Ainda, outros seis relatos de experiência (RE), cujo objetivo foi promover a inserção curricular abordam intervenções curriculares por meio de: i) criação e aplicação de disciplinas específicas sobre QV no contexto de um curso de Ensino Superior [A33 e A99]; ii) com a inserção de conteúdos de QV em diferentes disciplinas de cursos profissionais [A51 e A71] ou; iii) por meio de ações integradas de pesquisa, ensino e extensão como “...o projeto de extensão Fábrica Escola de Detergentes [A6, p. 21].” O trabalho A34, entretanto, apesar de ser de autoria de uma pesquisadora brasileira, não relata uma situação ocorrida no Brasil e sim, a inserção curricular da QV no contexto da educação básica alemã, empregando os pesticidas como problemática sociocientífica capaz de favorecer o ensino de química.

Quatro relatos de experiência (RE)[A3, A26, A41 e A100] relataram modificações de roteiros experimentais ou implementação de ações para redução ou gerenciamento de resíduos em instituições de ensino superior. Dentre eles A41 chama a atenção ao preocupar-se em vincular as ações de gerenciamento de resíduos com a QV e “[...numa perspectiva crítica de educação ambiental. Tradução nossa A41, p. 653].” Outros quatro relatos (RE), realizados no contexto do ensino médio regular ou integrado ao ensino técnico buscaram divulgar e promover o ensino de QV por meio de feiras, visitas a escolas e a laboratórios universitários [A105], por meio de projetos de extensão [A53 e A55] ou por “[...]projeto de iniciação científica desenvolvido por alunos de uma escola pública [A25, p. 1].”

Também fizeram parte dos relatos (RE), trabalhos que descrevem o desenvolvimento e os resultados da aplicação de materiais didáticos, como [A22], em que os autores aplicaram uma atividade lúdica para o ensino da métrica Fator E com alunos de curso técnico integrado e [A58] no qual relata-se o desenvolvimento de um projeto de obtenção de biodiesel, o qual foi aplicado no ensino à distância, com acadêmicos de Química do 7º período.O relato(RE) apresentado em A102, por sua vez, foi o único em que os autores relatam o uso de métricas de QV – a estrela verde – para aplicação de um experimento de degradação do corante amarelo de tartrazina aplicado no ensino médio.

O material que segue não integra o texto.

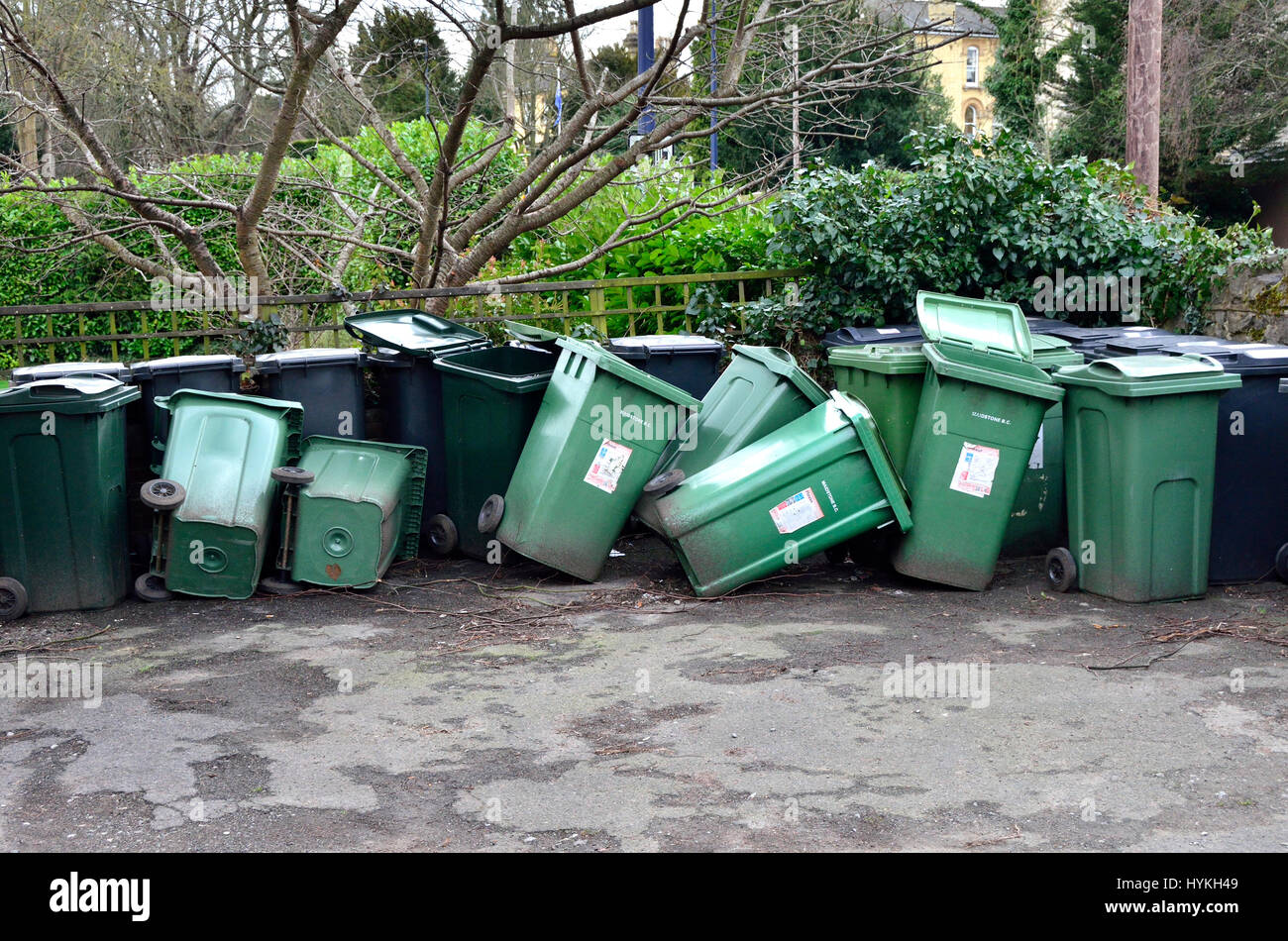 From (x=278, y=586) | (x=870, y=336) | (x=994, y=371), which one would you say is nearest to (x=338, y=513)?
(x=278, y=586)

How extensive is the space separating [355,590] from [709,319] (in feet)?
11.6

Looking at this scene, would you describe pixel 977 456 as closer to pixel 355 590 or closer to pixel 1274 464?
pixel 1274 464

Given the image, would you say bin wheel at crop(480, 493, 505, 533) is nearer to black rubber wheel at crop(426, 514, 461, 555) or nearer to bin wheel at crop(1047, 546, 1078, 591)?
black rubber wheel at crop(426, 514, 461, 555)

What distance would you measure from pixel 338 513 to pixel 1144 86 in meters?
11.2

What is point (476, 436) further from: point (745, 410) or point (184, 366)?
point (184, 366)

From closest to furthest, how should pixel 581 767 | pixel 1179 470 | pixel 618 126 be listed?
pixel 581 767, pixel 1179 470, pixel 618 126

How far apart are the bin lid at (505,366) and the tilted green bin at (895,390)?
1.72 metres

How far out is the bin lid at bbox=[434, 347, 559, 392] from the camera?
20.7 ft

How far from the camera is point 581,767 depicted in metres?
3.86

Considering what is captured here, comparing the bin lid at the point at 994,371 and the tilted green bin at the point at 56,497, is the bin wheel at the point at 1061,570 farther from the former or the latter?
the tilted green bin at the point at 56,497

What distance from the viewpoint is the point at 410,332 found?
7074mm

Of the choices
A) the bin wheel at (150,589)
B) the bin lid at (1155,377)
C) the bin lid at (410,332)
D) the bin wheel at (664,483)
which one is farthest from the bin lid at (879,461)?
the bin wheel at (150,589)

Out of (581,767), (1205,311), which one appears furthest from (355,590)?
(1205,311)

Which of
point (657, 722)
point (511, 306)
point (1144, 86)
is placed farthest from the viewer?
point (1144, 86) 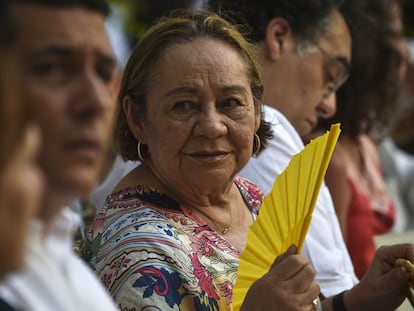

Cumpre destacar que dentre os trabalhos apresentados como relato de experiência (RE), aqueles voltados à inserção curricular da QV na formação de professores (A6, A51 e A71), indicam aproximações desta com a abordagem CTS a exemplo dos fragmentos a seguir: “[...] relata-se um trabalho de ensino, articulado à pesquisa e à extensão sob a perspectiva Ciência, Tecnologia, Sociedade e Ambiente (CTSA) e Química Verde (QV)” [A6, p.21], demonstrando o interesse em relacionar a QV com aspectos que vão além dos 12 princípios, aproximando-os de uma perspectiva mais crítica do ensino da QV (Zuin; Eilks, 2018).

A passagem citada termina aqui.